Si vous n'avez pas suivi les sélections de jeunes espagnoles et l'actualité du FC Porto, vous n'avez probablement jamais entendu parler de lui. Et pourtant.

Article rédigé par Pierre Godon
France Télévisions
Publié
Temps de lecture : 5 min
Le sélectionneur de l'équipe d'Espagne, Julen Lopetegui, lors d'un match à Shkodër (Albanie), le 9 octobre 2016. (GIUSEPPE BELLINI / UEFA)

Ne cherchez plus la moustache grise de Vicente del Bosque sur le banc espagnol, mardi 28 mars, lors du match amical contre les Bleus au Stade de France. C'est désormais Julen Lopetegui qui préside aux destinées de ce qui fut la meilleure équipe du monde entre 2008 et 2012, avec la difficile mission d'enrayer le déclin d'un collectif qui a tutoyé les sommets. Et si vous n'aviez jamais entendu parler du coach basque auparavant, pas de panique, c'est normal.

Arraché à une D2 anglaise

On avait laissé la sélection espagnole sur une note mitigée à l'Euro 2016. Usée, la sélection de Vicente del Bosque avait subi la science tactique des Italiens d'Antonio Conte dès les huitièmes de finale. Sur les rotules, le maître à jouer ibérique Andres Iniesta affichait vraiment ses 32 ans. La presse espagnole n'avait pas tardé à déterrer des histoires de parties de cartes à 7 000 euros (en espagnol) qui s'éternisaient tard dans la nuit pour fustiger la gestion sans poigne du "Marquis", le surnom de Del Bosque. 
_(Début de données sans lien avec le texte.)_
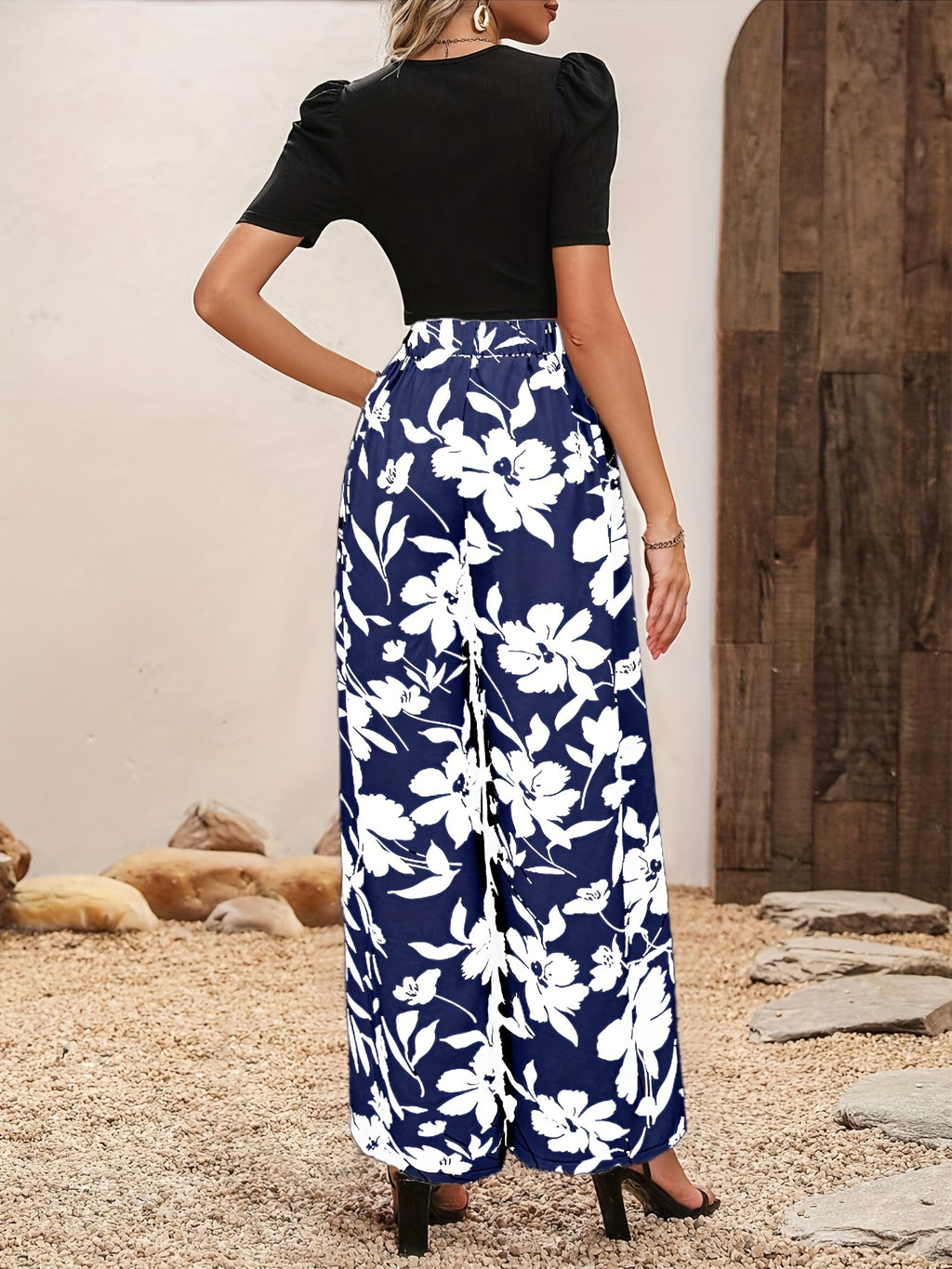 Elegant Wide-Leg Long Pants with Floral Prints for Women - Navy Color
Pourtant, le président de la fédération espagnole, le tout-puissant Angel Maria Villar, caressait le secret espoir de convaincre le technicien moustachu de rempiler. Ce qui avait marché en 2014 échoua en 2016, et Villar dut se mettre en quête d'un successeur. La tradition espagnole consiste à confier les rênes de la sélection à un coach expérimenté. Joaquin Caparros, passé par le FC Séville, le Deportivo La Corogne et l'Athletic Bilbao, constituait le meilleur choix sur le marché pour les observateurs, relate AS (en espagnol). Sûr de son fait, l'entraîneur refuse les offres de plusieurs clubs et commence sa campagne de séduction dans les médias.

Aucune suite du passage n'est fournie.